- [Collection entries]
# # #

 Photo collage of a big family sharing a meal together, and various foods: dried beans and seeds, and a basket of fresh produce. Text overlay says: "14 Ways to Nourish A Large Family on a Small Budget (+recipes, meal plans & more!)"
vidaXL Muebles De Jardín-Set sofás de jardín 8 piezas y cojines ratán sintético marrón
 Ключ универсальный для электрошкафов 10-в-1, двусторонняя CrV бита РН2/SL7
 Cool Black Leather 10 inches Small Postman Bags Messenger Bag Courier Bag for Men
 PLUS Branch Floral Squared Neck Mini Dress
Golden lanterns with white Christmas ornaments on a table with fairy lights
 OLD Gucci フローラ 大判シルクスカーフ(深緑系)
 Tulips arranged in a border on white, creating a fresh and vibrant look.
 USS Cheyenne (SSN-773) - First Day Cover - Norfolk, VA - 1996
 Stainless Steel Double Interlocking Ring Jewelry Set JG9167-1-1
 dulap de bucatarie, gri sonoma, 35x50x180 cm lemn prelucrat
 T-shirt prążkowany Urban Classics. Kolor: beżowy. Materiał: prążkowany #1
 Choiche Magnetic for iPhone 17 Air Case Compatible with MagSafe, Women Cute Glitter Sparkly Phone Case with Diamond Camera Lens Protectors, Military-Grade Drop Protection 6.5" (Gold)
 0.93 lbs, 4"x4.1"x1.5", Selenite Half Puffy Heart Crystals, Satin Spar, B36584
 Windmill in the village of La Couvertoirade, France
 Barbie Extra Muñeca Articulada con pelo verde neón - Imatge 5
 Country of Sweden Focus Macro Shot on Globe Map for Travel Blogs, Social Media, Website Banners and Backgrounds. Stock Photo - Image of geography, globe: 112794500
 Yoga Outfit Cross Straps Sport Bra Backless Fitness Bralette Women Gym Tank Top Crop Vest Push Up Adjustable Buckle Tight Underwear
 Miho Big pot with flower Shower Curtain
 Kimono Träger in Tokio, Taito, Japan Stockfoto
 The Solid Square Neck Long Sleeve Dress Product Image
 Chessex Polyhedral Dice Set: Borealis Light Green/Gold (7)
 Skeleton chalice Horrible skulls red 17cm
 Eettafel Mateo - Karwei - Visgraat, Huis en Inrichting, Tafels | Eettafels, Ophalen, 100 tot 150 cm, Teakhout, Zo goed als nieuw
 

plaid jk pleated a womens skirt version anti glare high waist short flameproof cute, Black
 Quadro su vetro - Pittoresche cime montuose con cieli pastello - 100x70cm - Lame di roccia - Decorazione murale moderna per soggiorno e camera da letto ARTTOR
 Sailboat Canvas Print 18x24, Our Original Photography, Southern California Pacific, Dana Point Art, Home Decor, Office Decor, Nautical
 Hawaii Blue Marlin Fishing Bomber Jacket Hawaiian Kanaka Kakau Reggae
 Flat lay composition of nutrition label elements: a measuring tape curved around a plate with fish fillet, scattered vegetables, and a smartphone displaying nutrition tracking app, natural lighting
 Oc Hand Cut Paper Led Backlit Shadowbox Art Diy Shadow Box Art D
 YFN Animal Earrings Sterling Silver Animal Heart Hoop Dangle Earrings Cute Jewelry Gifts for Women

# # #

- [What you are asked to do] Reproduce the data shown above with every line intact.

- [Exercise response]
 Photo collage of a big family sharing a meal together, and various foods: dried beans and seeds, and a basket of fresh produce. Text overlay says: "14 Ways to Nourish A Large Family on a Small Budget (+recipes, meal plans & more!)"
vidaXL Muebles De Jardín-Set sofás de jardín 8 piezas y cojines ratán sintético marrón
 Ключ универсальный для электрошкафов 10-в-1, двусторонняя CrV бита РН2/SL7
 Cool Black Leather 10 inches Small Postman Bags Messenger Bag Courier Bag for Men
 PLUS Branch Floral Squared Neck Mini Dress
Golden lanterns with white Christmas ornaments on a table with fairy lights
 OLD Gucci フローラ 大判シルクスカーフ(深緑系)
 Tulips arranged in a border on white, creating a fresh and vibrant look.
 USS Cheyenne (SSN-773) - First Day Cover - Norfolk, VA - 1996
 Stainless Steel Double Interlocking Ring Jewelry Set JG9167-1-1
 dulap de bucatarie, gri sonoma, 35x50x180 cm lemn prelucrat
 T-shirt prążkowany Urban Classics. Kolor: beżowy. Materiał: prążkowany #1
 Choiche Magnetic for iPhone 17 Air Case Compatible with MagSafe, Women Cute Glitter Sparkly Phone Case with Diamond Camera Lens Protectors, Military-Grade Drop Protection 6.5" (Gold)
 0.93 lbs, 4"x4.1"x1.5", Selenite Half Puffy Heart Crystals, Satin Spar, B36584
 Windmill in the village of La Couvertoirade, France
 Barbie Extra Muñeca Articulada con pelo verde neón - Imatge 5
 Country of Sweden Focus Macro Shot on Globe Map for Travel Blogs, Social Media, Website Banners and Backgrounds. Stock Photo - Image of geography, globe: 112794500
 Yoga Outfit Cross Straps Sport Bra Backless Fitness Bralette Women Gym Tank Top Crop Vest Push Up Adjustable Buckle Tight Underwear
 Miho Big pot with flower Shower Curtain
 Kimono Träger in Tokio, Taito, Japan Stockfoto
 The Solid Square Neck Long Sleeve Dress Product Image
 Chessex Polyhedral Dice Set: Borealis Light Green/Gold (7)
 Skeleton chalice Horrible skulls red 17cm
 Eettafel Mateo - Karwei - Visgraat, Huis en Inrichting, Tafels | Eettafels, Ophalen, 100 tot 150 cm, Teakhout, Zo goed als nieuw
 

plaid jk pleated a womens skirt version anti glare high waist short flameproof cute, Black
 Quadro su vetro - Pittoresche cime montuose con cieli pastello - 100x70cm - Lame di roccia - Decorazione murale moderna per soggiorno e camera da letto ARTTOR
 Sailboat Canvas Print 18x24, Our Original Photography, Southern California Pacific, Dana Point Art, Home Decor, Office Decor, Nautical
 Hawaii Blue Marlin Fishing Bomber Jacket Hawaiian Kanaka Kakau Reggae
 Flat lay composition of nutrition label elements: a measuring tape curved around a plate with fish fillet, scattered vegetables, and a smartphone displaying nutrition tracking app, natural lighting
 Oc Hand Cut Paper Led Backlit Shadowbox Art Diy Shadow Box Art D
 YFN Animal Earrings Sterling Silver Animal Heart Hoop Dangle Earrings Cute Jewelry Gifts for Women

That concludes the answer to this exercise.